» Description of the task:
Transcribe the listing below exactly, without pictures.

» Stored data:
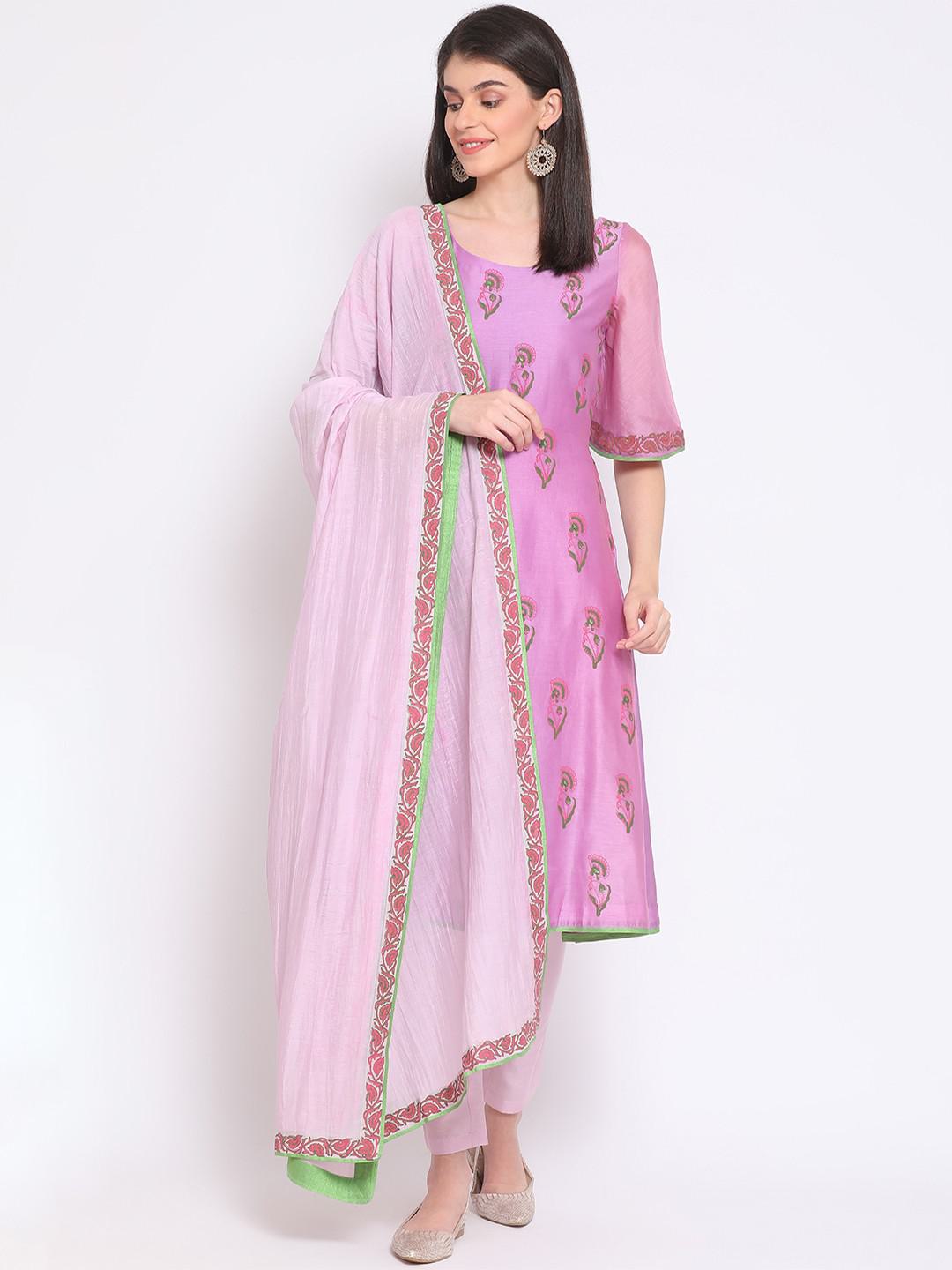 CHANDERI SILK KURTA PAJAMA SET WITH BLOCK PRINTING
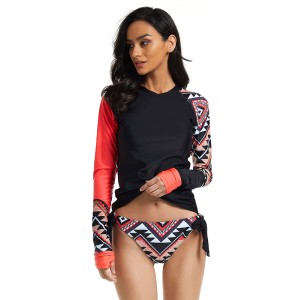 Women's 2 Pieces Long Sleeve Surf Suit Sunscreen Swimsuit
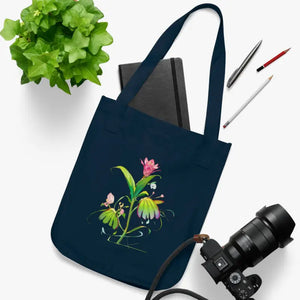 Bags - Canvas Tote Bag - Pink Flower Organic Eco-friendly - Dipaliz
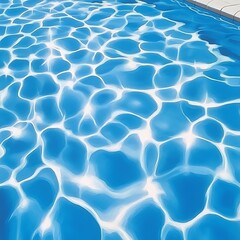 Obraz premium Sparkling blue water reflections and edge of a swimming pool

» Task solution:
 CHANDERI SILK KURTA PAJAMA SET WITH BLOCK PRINTING
 Women's 2 Pieces Long Sleeve Surf Suit Sunscreen Swimsuit
 Bags - Canvas Tote Bag - Pink Flower Organic Eco-friendly - Dipaliz
 Obraz premium Sparkling blue water reflections and edge of a swimming pool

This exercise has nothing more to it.